What is expected ->
The material below has pictures in it. Set down only the lines from the line containing "Business man working with a digital tablet" through the line containing "Children covered in", word for word, and leave the pictures behind.
*** Opening Given information ***
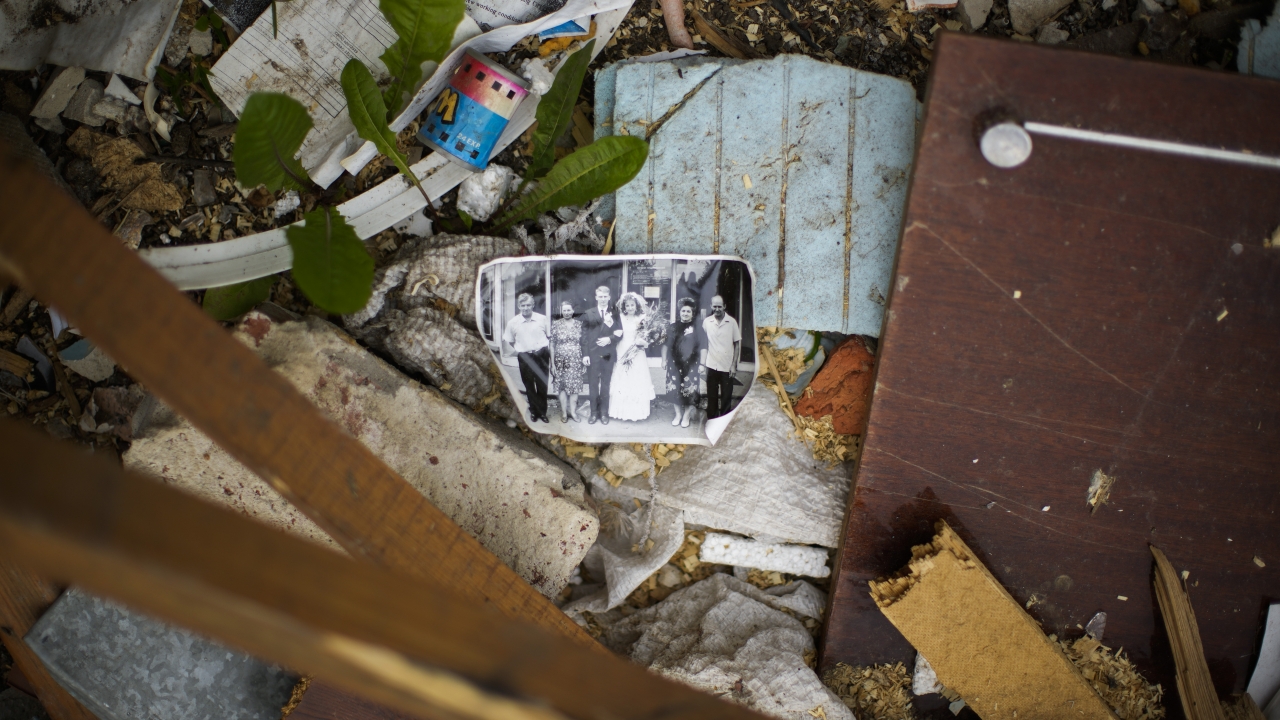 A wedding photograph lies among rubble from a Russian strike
*** Closing Given information ***
*** Opening Given information ***
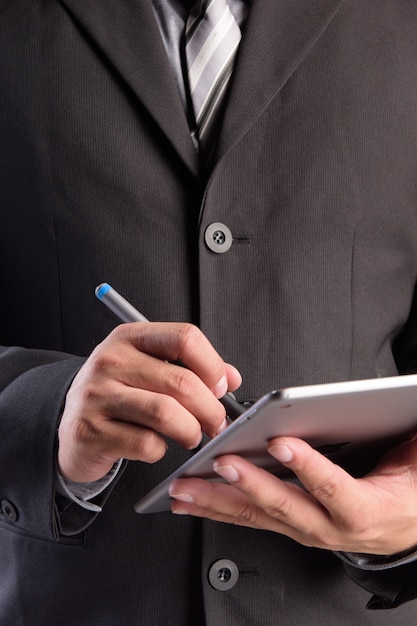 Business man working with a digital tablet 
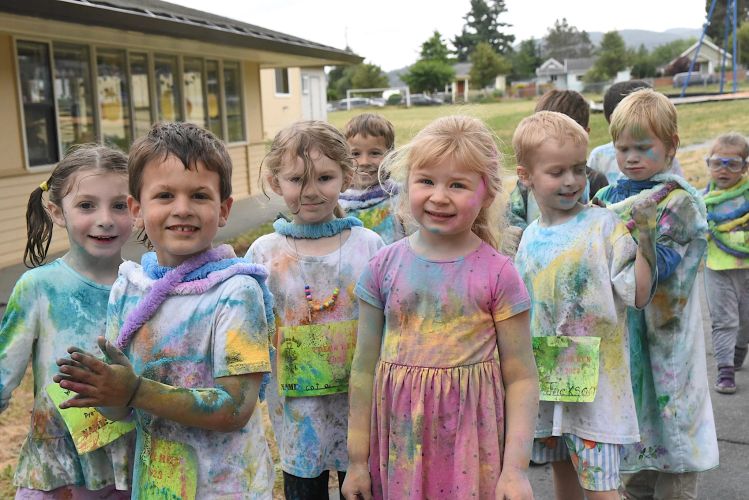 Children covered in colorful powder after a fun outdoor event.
*** Closing Given information ***
Response area ->
 Business man working with a digital tablet 
 Children covered in colorful powder after a fun outdoor event.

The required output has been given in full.